The Conservatives say "long-term generational change" is needed to fight crime - not a "knee-jerk" response.
Violent video games should be curbed, parents urged to be more responsible, and schools should be reformed, David Cameron said.
The Tory plan to tackle crime would see the prison early release scheme cut, and licensing laws reformed.
The government has announced plans for a gun amnesty, after 11-year-old Rhys Jones was shot dead in Liverpool.
Home Secretary Jacqui Smith said the Home Office was discussing with police where and when an amnesty would work.
Mr Cameron described Labour's approach to crime as "one-dimensional", instead of focussing on "broader" issues.
He told BBC1's Breakfast programme: "This is long-term generational change.

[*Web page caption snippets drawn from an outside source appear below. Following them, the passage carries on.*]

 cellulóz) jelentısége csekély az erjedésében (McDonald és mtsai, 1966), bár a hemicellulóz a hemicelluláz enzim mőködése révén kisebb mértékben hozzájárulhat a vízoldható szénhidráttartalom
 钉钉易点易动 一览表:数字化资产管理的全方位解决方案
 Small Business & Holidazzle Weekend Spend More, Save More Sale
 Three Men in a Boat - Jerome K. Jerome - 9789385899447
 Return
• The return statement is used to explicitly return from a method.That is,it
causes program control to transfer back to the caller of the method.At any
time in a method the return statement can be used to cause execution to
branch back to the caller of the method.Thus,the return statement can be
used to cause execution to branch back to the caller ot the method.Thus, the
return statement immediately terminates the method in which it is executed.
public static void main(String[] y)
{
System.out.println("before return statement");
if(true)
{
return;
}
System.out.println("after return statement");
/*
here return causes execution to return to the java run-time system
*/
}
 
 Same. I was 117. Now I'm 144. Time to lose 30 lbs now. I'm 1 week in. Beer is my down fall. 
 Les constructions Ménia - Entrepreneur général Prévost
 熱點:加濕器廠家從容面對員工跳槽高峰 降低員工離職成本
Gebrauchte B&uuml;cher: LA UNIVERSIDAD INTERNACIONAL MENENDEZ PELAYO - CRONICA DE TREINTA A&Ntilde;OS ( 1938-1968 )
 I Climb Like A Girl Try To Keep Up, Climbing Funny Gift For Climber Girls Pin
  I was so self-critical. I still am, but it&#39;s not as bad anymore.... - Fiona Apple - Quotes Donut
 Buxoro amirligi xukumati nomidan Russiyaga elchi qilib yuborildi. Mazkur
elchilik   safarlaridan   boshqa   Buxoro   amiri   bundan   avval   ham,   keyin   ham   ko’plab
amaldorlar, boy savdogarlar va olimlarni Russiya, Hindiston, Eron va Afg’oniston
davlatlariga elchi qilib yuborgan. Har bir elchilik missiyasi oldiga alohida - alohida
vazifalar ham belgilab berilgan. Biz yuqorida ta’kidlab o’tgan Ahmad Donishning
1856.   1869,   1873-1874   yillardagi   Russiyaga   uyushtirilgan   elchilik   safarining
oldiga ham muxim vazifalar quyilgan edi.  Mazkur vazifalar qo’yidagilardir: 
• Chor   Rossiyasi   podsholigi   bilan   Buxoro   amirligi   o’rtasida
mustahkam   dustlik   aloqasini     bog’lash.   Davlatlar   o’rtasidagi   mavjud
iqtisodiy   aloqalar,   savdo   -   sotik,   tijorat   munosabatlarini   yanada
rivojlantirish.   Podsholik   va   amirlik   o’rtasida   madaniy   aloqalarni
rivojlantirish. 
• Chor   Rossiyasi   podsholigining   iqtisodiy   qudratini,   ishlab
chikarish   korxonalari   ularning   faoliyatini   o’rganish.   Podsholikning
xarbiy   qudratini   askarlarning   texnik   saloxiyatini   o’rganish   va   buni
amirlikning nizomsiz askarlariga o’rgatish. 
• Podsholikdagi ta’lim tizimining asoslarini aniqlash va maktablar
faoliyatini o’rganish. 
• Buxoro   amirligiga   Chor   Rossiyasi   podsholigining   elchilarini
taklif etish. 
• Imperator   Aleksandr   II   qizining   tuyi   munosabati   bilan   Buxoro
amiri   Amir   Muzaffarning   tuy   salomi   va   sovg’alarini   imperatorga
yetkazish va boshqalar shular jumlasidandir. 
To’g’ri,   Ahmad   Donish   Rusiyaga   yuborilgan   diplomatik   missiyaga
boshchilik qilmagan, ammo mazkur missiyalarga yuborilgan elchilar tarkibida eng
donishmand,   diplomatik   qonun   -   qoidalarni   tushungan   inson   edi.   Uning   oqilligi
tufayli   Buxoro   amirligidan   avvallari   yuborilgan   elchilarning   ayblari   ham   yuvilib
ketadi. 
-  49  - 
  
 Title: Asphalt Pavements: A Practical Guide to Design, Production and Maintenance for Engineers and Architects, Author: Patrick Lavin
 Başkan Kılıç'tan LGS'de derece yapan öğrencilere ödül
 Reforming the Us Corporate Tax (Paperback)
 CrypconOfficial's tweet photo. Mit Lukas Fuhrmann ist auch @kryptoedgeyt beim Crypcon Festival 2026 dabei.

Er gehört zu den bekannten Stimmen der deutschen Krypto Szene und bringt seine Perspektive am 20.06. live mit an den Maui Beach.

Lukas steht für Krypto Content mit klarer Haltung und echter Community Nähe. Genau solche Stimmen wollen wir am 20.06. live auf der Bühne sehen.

"Instead of the knee-jerk reactions we are seeing from the government, what we are producing today is a comprehensive substantial report about the things we need to change, whether it's frankly in the home, in the police station, on our streets or in the schools."
Society must not believe that rising crime was inevitable, he said later in a speech.
"We must fight back against the guns, the gangs and the graffiti. We must fight back against the drugs, the danger and the disorder.
"Above all we must fight back against the attitude that treats rising crime is inevitable, that treats social breakdown as some sort of irreversible fact of modern life and that despairs of ever making our streets safe and civilised places to be."
Music and videos
The document "How a Conservative government will tackle Britain's crime crisis" highlighted the music industry for its role in promoting negative images, especially through lyrics and videos for rap, hip-hop and R&B.
"These often explicitly popularise gangs, guns, a culture of unconstrained acquisition, and the degradation of women," it said, adding that the party would consult regularly with the industry to promote social responsibility.
Videos accessible to young people which show extreme and callous violence would also be targeted to prevent the "coarsening effect on the ethical sensibility of young people".
Mr Cameron said police were keen to reinforce parents' responsibilities when their child was in trouble.
While once police used to escort unruly teenagers from the streets back home, now they tend to bring the parents to the police station "to bring home the fact that your responsibilities go beyond your front door," he said.
Among other issues which he felt would help tackle crime, he mentioned the Tory tax plans to encourage marriage, as well as giving head teachers the power to expel unruly pupils, and changes to prison accommodation, such as increasing the number of prisoners in cells.
Other options included prison ships and putting disused army camps into use as jails.